I have been a teacher, a school based-mentor and H.E based teacher educator for over twenty years. During this time, educational policy priorities for schools have changed and ideas on what ‘good teaching’ is have changed. Two things, from my experience of the ITE sector have remained solid: the passion of beginning teachers to work with young people to make a difference and the intelligence they bring to old and new school debates. My feeling is beginning teachers want an evidence-based, subject specialist introduction to the teaching profession – one which encourages reflection on what education is for and foregrounds how young people can be excited about learning.
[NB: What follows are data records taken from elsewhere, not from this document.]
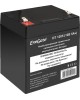 EXEGATE EX285964RUS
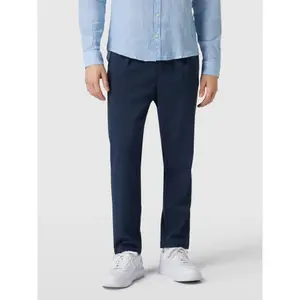 Pantalon Casual Friday Marc image-1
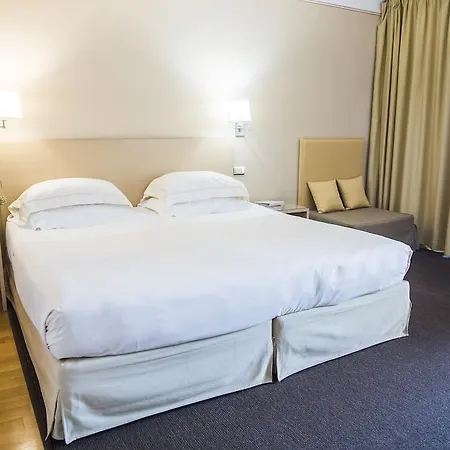 Hotel Aquaviva 4*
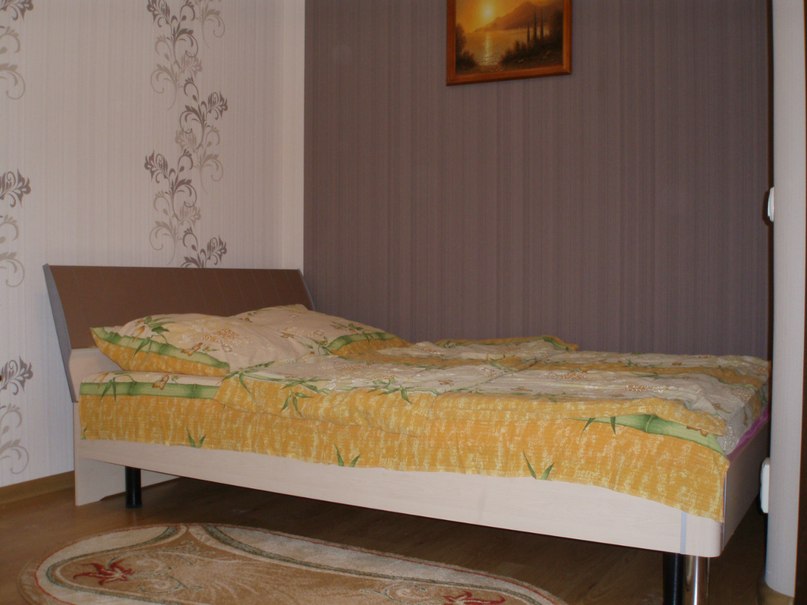 Фото квартиры 8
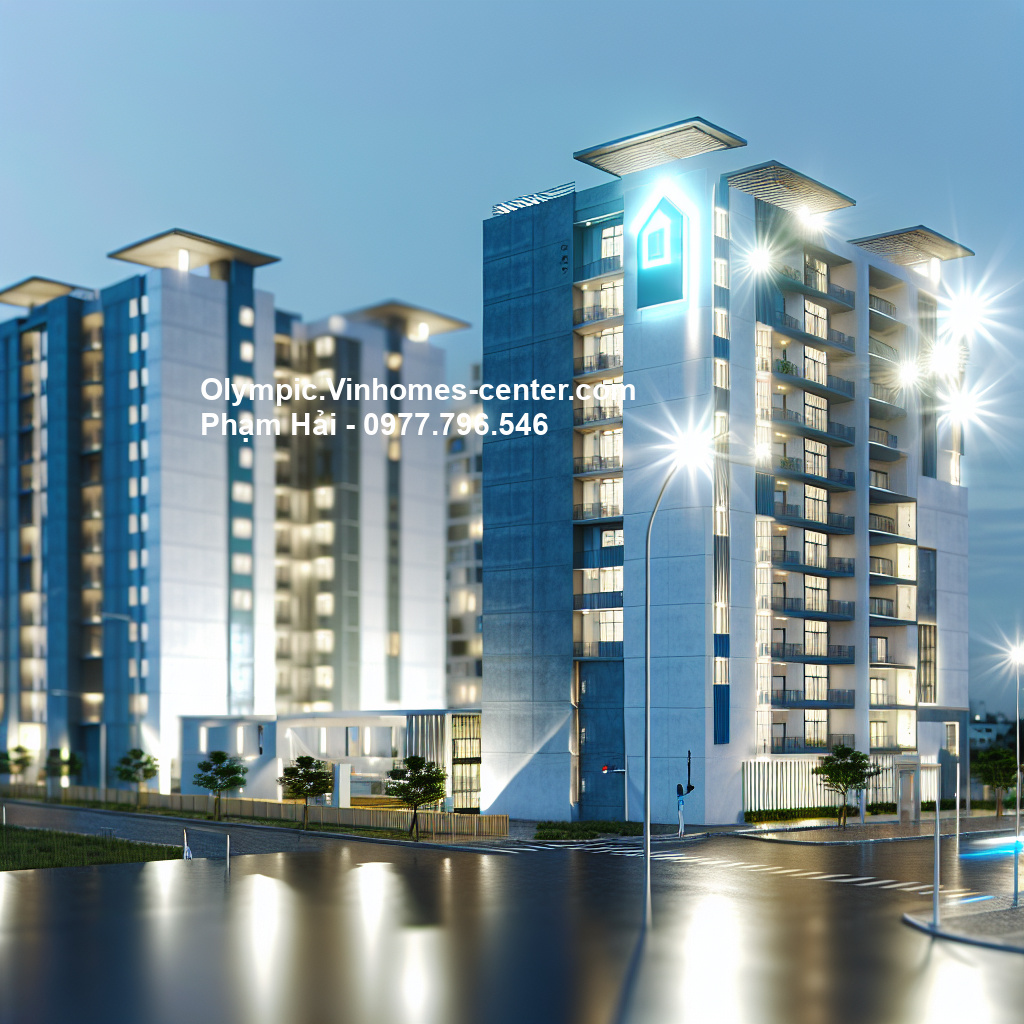 Hình ảnh dự án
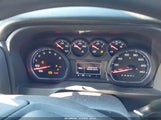 Chevrolet Silverado  4Wd Short Bed Custom 3GCPDBEK2PG360983 снимка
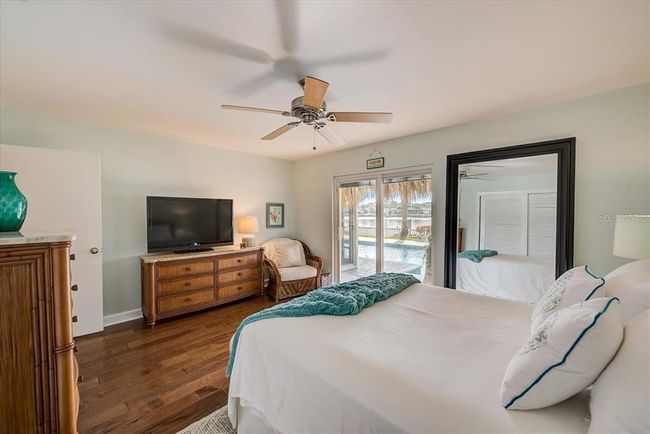 217 Driftwood Ln, House other with 3 bedrooms, 2 bathrooms and null parking in LARGO FL | Image 34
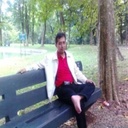 Kenny Cooper - @KennyCooper9 - Twitter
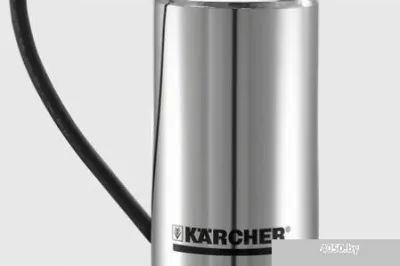 Насос Karcher BP 6 Deep Well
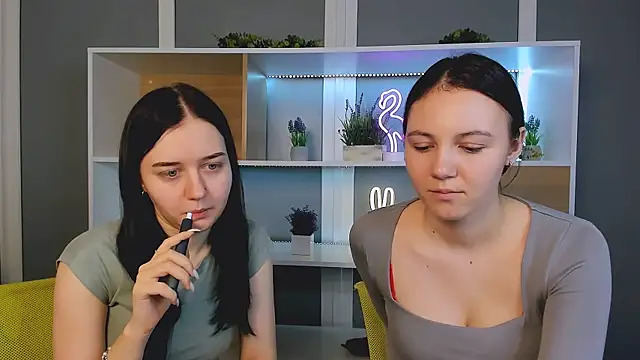 mira vibe online show from February 8, 2026, 3:37 pm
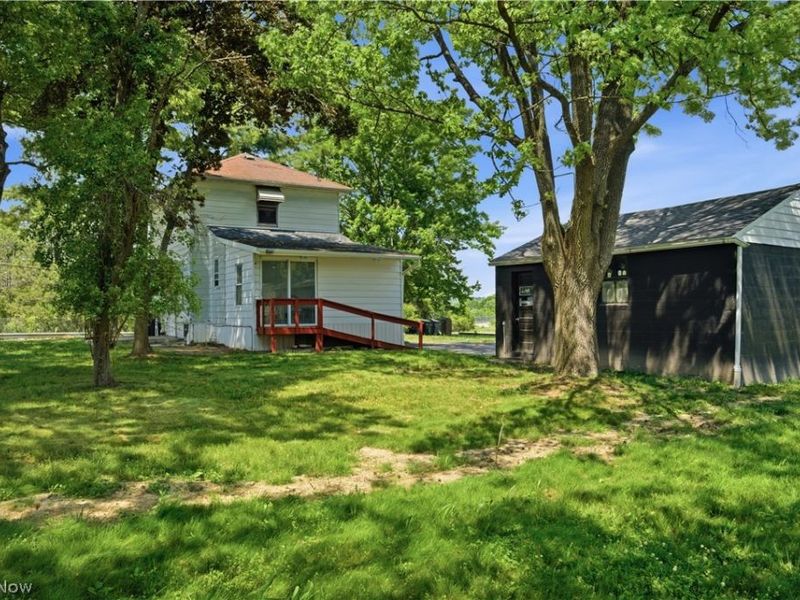2453 Eddie Street, Youngstown, OH 44509 Photo 28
Short term contracts or plans for ITE would undermine security, erode possibilities for providers to build longer term relationships with partners; well qualified, experienced mentors and tutors are less likely to be retained and CPD for teacher educators would likely fall even lower down the agenda. Time and money are always considerations in the ITE sector – in addition to this, being able to plan and build coherent programmes (whether based on the CCF or any other future ‘best’ curriculum for ITE) requires longer term planning, relationship building, CPD for mentors and tutors and the knowledge that any intellectual investment will be worth making.

Quality ITE provision cannot be organised as a ‘pop up’ or ‘just in time’ model and, whilst this has implications for investment, should be recognised with reference to some of the best ‘Outstanding’ ITE programmes in England – which have been building quality ITE programmes, consistently supporting the supply of excellent teachers able to negotiate changeable contexts in the best interests of their students. It is very important to see past the rhetoric of the current reasoning for an ITE review and hold up what is important in underpinning excellence.